Here's a story from the near future. It's been a long day. Finally throwing aside the cares of work, you slump down on your sofa and pick up that shiny new device you bought the other day. Costing the thick end of £1,000, it's Apple's stylish new iPad (iTablet? iSlate?) – a smooth 10in screen with no keyboard, like an iPhone on steroids. You pick it up, turn it on with one swipe of a finger, and begin to . . .
At this point, the picture goes hazy and freezes. The reason: while the invitations for the launch of Apple's "latest creation" in San Francisco next Wednesday have finally gone out to the great and good of the technology industry, still no one is certain what the hell their creation is actually going to be for, nor even what it will be called (though my money is on iPad or iSlate).
The device that Steve Jobs, chief executive and co-founder of Apple, will unveil at the Yerba Buena Center for the Arts is variously predicted to transform our experience of reading electronic versions of books, newspapers and magazines (there are publishing executives clasping their hands heavenwards with that fervent wish); of watching TV and video; of surfing the web and playing games; even of making internet video calls.
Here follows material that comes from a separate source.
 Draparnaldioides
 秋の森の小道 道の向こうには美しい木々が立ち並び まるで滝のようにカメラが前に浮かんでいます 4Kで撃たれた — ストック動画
Perhaps it will do all of the above.
Not surprisingly, then, this is being called "a critical turning point for the way we get and use all sorts of media", and "Apple's reconception of personal computing". In the New York Times, the media columnist David Carr wrote: "I haven't been this excited about buying something since I was eight years old and sent away for the tiny seahorses I saw advertised in the back of a comic book." Another gasping fan wrote: "The only thing I know is that I'll take two."